René Clair's last silent film, Two Timid Souls was screened at two sold-out special performances during the Tribeca festival, with live accompaniment by the NYC Chamber Orchestra. The commissioned score worked well, although I can't say I'm a big fan of impressionistic composition. It helped kick out the memory of a particularly nightmarish screening of Pandora's Box that some idiot had decided to accompany with Ein Klein Nacht Music. On a loop. So my preference for something a little more experimental can only seem ungracious by comparison. I always think having live accompaniment is a treat, and the atmosphere in the theater was great. I wasn't so keen on the decision to have someone read out the titles; I found it a bit intrusive and would have preferred additional English subtitles since my French isn't up to much.

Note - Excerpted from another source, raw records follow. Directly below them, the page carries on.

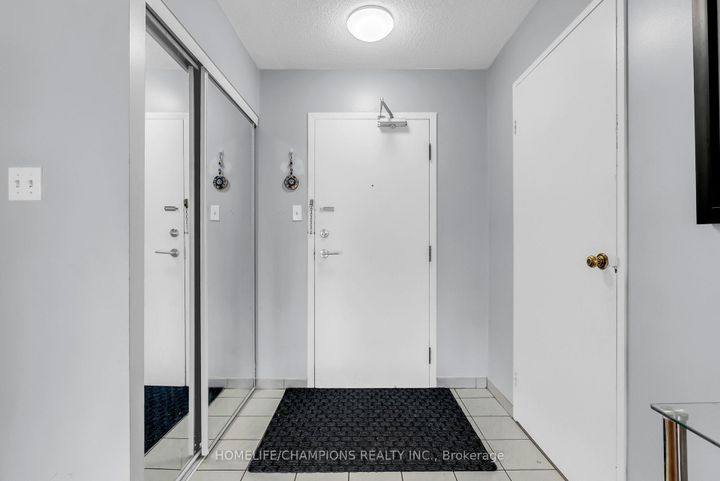 Photo 7 at 1403 - 5 Rowntree Road, Jamestown, Toronto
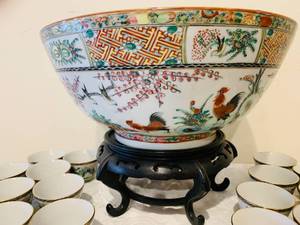 lot 1 image: Large Bowl with Cups and Wooden Stand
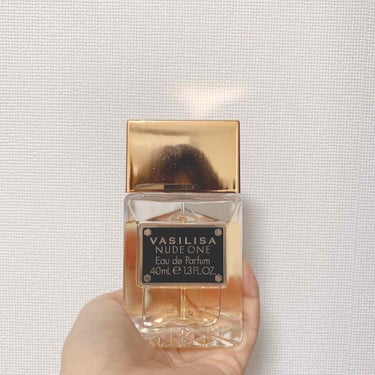 #vasilisa の#nudeone は今のところ私が出会った香水の中で1番気に入っています。飽きのこない香りです。
この香りと出会ったのはある友達の家に泊まらせてもらった時のことです。友達が出かける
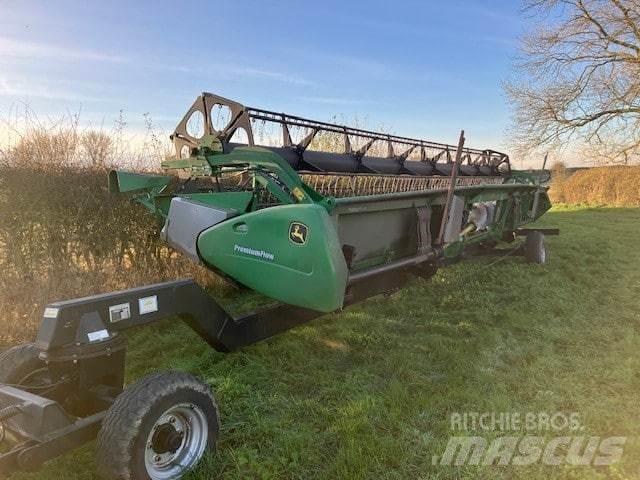 John Deere S685 TM Moissonneuse batteuse
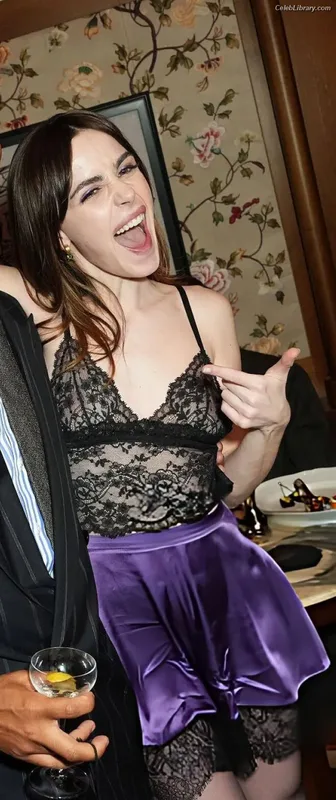 Kiernan Shipka photo 12 of 2601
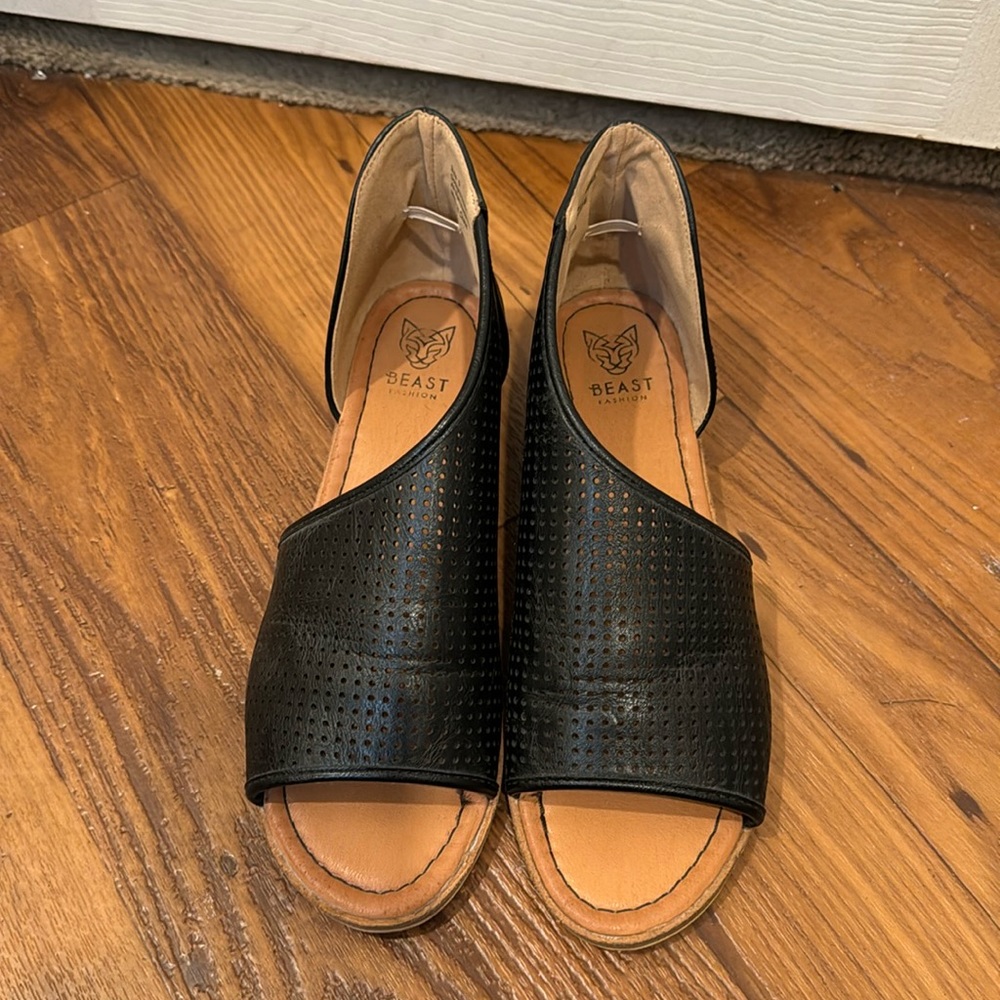 Black and tan Sandel? - Picture 1 of 4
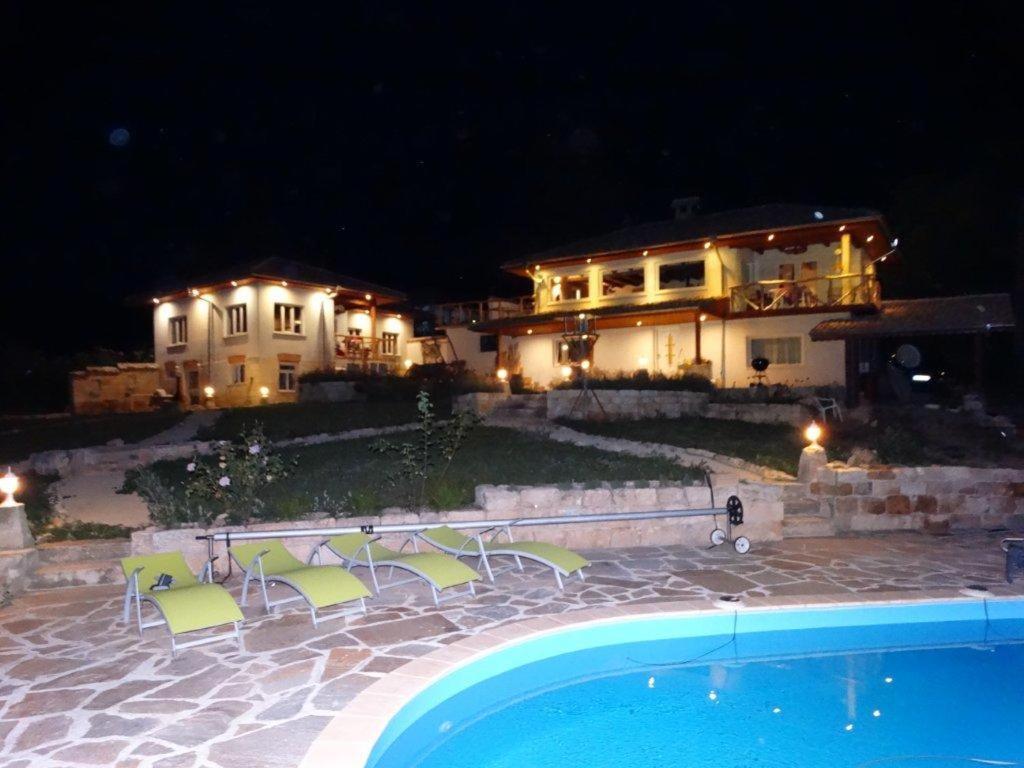 Guest House Biekorf Kostandenets Dış mekan fotoğraf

Frémissin (Pierre Batcheff), a shy young lawyer, is the first of the timid souls of the title. The film opens with a farcical courtroom scene, where Frémissin spectacularly fails to defend his client, the burly, bullying Garadoux (Jim Gérald), who is on trial for abusing his wife. The story fast forwards to Frémissin failed attempts to ask Thibaudier (Maurice de Féraudy) - the second timid soul - for his unfortunate daughter Cecile's hand in marriage. Poor Cecile (Véra Flory), in love with Frémissin, finds herself stuck between two men who are seemingly unable to rise to any action of their own accord. Her father, in the meantime, has been bullied into accepting a proposal from Garadoux, who is now out of prison, a widower, and hiding his criminal past.
It's a charming rather than hilarious movie, with some great scenes featuring street urchins and imaginary masked bandits. Pierre Batcheff, the films fey hero, went onto star as a radically different kind of leading man in Buñuel's Un chien andalou, released the following year, and to commit suicide three years after that at the age of 25.